In case a correction step follows a certain published algorithm, a link to the publication or homepage might be given.
This part might be expanded by defined entries, which are understood by data analysis software.
# corrections: free text to inform user
# - footprint doi
# - background
# - polarisation
# - ballistic correction
# - incident intensity
# - detector efficiency
# - scaling / normalisation
# comment: |
# Normalisation performed with a reference sample
The comment
is used to give some more information.
column description
This data representation is essentially ment to store a physical observable I as a function of a variable x. Together with the related information about the error of I and the resolution of x this leads to the defined leading 4 columns of the data set. I.e.
- x with units
- I with units (if applicable)
- sigma of I with units (if applicable)
- sigma of resolution of x with units
where for columns 3 and 4, sigma is the standard deviation of a Gaussian distribution.
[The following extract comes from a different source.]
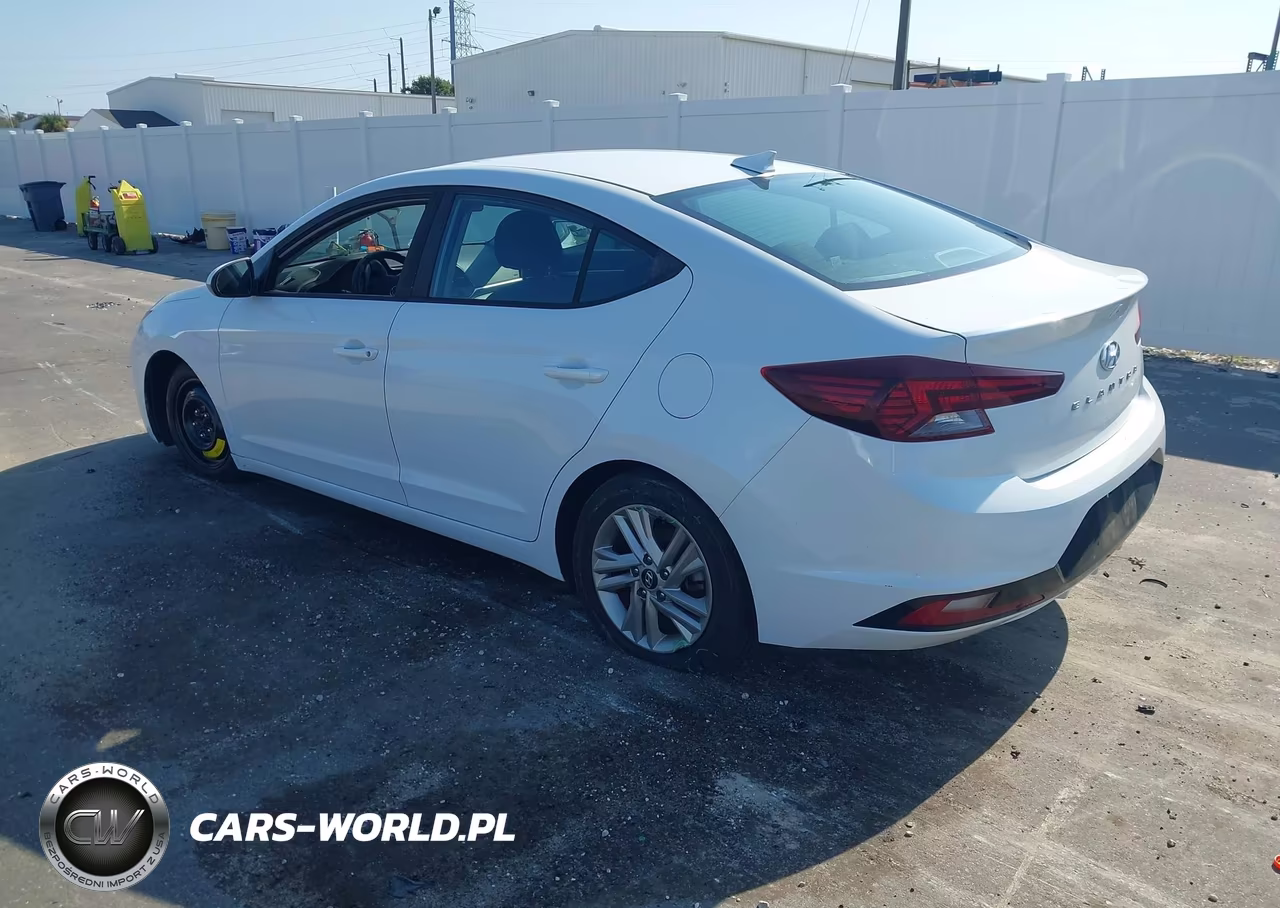 2019 Hyundai Elantra Sel VIN:5NPD84LF4KH458941 - 3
The exampe given refers to R(Qz) which has unit 1
# column_description:
# - name: Qz
# unit: 1/angstrom
# description: wavevector transfer
# - name: R
# description: reflectivity
# - name: sR
# description: standard deviation of reflectivity
# - name: sQz
# unit: 1/angstrom
# description: standard deviation of wavevector transfer resolution
Further columns can be of any type, content and order. But always with description and units. E.g.
# - name: alpha_i
# unit: deg
# description: angle of incidence
# - name: lambda
# unit: angstrom
# description: wavelength
In case there are various data sets in one file, the first one can be given an identifier with the optional line
# data set: <identifier>
Also optionally there might be a short-notation column description preceded with a hash, since this line is outside the YAML structure
# # Qz RQz sR sQ
data set
The data set is organised as a rectangular array, where all entries in a column have the same physical meaning. The leading 4 columns strictly have to follow the rules stated in the column description section.
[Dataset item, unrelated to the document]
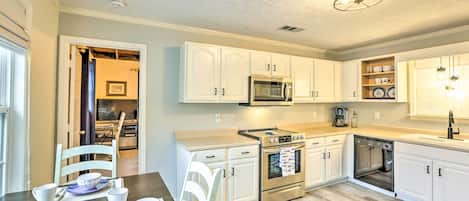 House (3 Bedrooms) | Interior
- All entries have to be of the same data type, preferably float.
- There is no leading space.
-
Separators are spaces, tabs are not allowd.
- It is recommended to use the same format for all columns,
preferably
%16.9e
.
1.03563296e-02 3.88100068e+00 4.33909068e+00 5.17816478e-05
1.06717294e-02 1.16430511e+01 8.89252719e+00 5.33586471e-05
...
multiple data sets
In case there are several data sets in one file, e.g. for different spin states or temperatures, the following rules apply:
separator
Optionally, the beginning of a new data set is marked by an empty line. This is recognised by gnuplot as a separator for 3 dimensional data sets.
The mandatory separator between data sets is the string
# data set: <identifier>
where
overwrite meta data
Below the separator line, meta data might be added. These overwrite the meta data supplied in the header (i.e. data set 2 does not know anything about the changes made for data set 1).
For the case of additional input data with different spin state this might look like
# data_source:
# measurement:
# polarisation: -
# reduction:
# input_files:
# data_files:
# - file : amor2020n001930.hdf
# created : 2020-02-03T15:27:45
repetition of short-version column description
optional
# # Qz RQz sR sQ lambda
next data set
The following data set has to be of the same format (number, format and description of columns) as data set 0, probably with a different number of rows.
1.03563296e-02 1.08100068e+00 4.33909068e+00 5.17816478e-05 4.00000000e+00
1.06717294e-02 1.06430511e+01 8.89252719e+00 5.33586471e-05 4.10000000e+00
...
the end
There are no rules yet for a footer. Thus creating one might collide with future versions of the ORSO (.ort) format.